Sunday May 17
Margie threw Diamond Mill on the table for exploration. Trackmaster was not exactly familiar with the area, but he had been there before, which was more than the rest of us, so he became the navigator.
There were reports of trees down. I didn’t think much of it. A little adversity could be fun. But it was more like a tornado went through. Our first sign was a seemingly well-used quad trail that was interrupted, not by one tree, but a log pile.
The first trail we hit was 93 Mongos Canyon. It was rad: rocky up hills, tree dodging, ruts, and ledge clinging, not too steep. The many downed trees were cut.

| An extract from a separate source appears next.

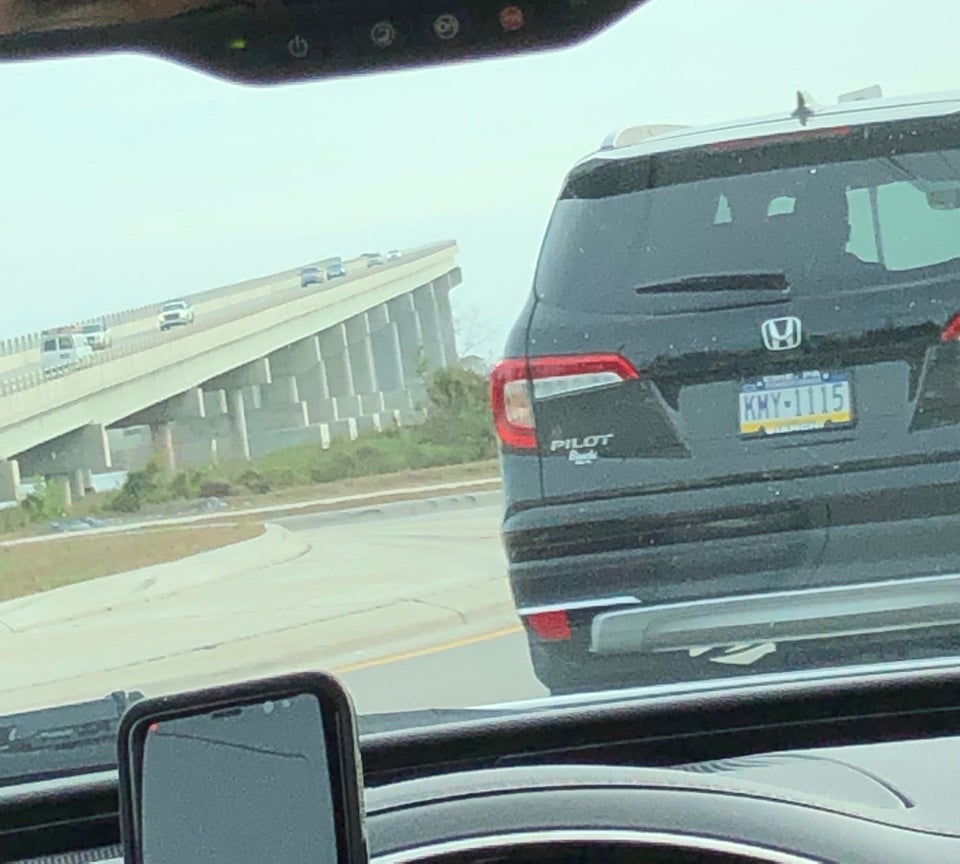 cars driving up on a bridge that doesn't lead anywhere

Then we traversed to 76 Frankenstein. The trail narrow loamy single track carved into the mountainside. It looked amazing, but there were trees down. We got over the first 5 or so, sometimes having to carry the bikes over.
Margie’s throttle stuck. The ledge we were on was about 5 ft wide and she managed to stop it leaning into mountainside. 20 ft down the trail was a 90-degree turn. If you didn’t make it, straight down you would go.

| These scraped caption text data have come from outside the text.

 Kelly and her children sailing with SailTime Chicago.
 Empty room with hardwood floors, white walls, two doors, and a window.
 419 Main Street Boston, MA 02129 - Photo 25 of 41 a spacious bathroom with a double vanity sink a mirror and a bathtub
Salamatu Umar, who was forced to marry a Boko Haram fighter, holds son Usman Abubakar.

We had a nice break on the trail while the Steves took a look at the throttle issue.
After that we decided to head back out of Frankenstein. I think we had only made it a 1/2-mile, but spent a couple hours there.
There was a little mix up on the way to the next trail. Trackmaster went one way and Margie went the other. We ending up catching Trackmaster and going Margie’s direction. I started up only to find Mos and Ken stuck in the trail, we 3 went back down. Trackmaster came down, and said Margie was in his way, that’s why he didn’t make it. He did not make it the second time either. Turns out, Margie was the only one who could make it up the hill. Mos theorized her throttle stuck to comfort his brused ego. Hilarious! Nice job Margie.

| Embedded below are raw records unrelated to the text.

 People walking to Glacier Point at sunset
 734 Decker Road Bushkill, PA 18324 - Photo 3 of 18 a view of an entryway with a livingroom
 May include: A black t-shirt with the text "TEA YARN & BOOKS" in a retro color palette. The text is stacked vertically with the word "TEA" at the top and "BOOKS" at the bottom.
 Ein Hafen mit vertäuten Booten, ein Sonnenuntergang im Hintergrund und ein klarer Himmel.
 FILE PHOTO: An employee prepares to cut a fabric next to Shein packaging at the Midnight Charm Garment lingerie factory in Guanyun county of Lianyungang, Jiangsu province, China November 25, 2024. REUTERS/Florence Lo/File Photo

We encountered more armies of white trees down mostly perpendicular as we headed down a two track toward another trail. At first it was fun, we could get around, over, under most. Then we came to another huge impassable log pile.
Plan B was a quad trail (not sure, maybe 97 Old Cedar Creek?) It had many drainage jumps and it was clear of trees with very few rocks. Fun and fast.
It seamed like we did a lot of searching, turning back, getting unstuck etc, but what a great problem to have. There are so many trails out here, it is impossible to know them all or be able to gauge the condition of the trails.
On the way back we stopped Outazablue Market and Café (56625 NW Wilson River Hwy, Gales Creek, OR 97117) for lunch. It is a multi cultural urbany restaurant in the backwoods. Their signage doesn’t express well what is inside. I‘ve driven by quite a few times and not even noticed it. The Chef and Owner Gabriel Barber bakes his own ciabatta, and had homemade dolmas that looked amazing. Looks like everything is made from scratch, and very fresh. The waitress Sierra encouraged us to customize according to our likes and dislikes.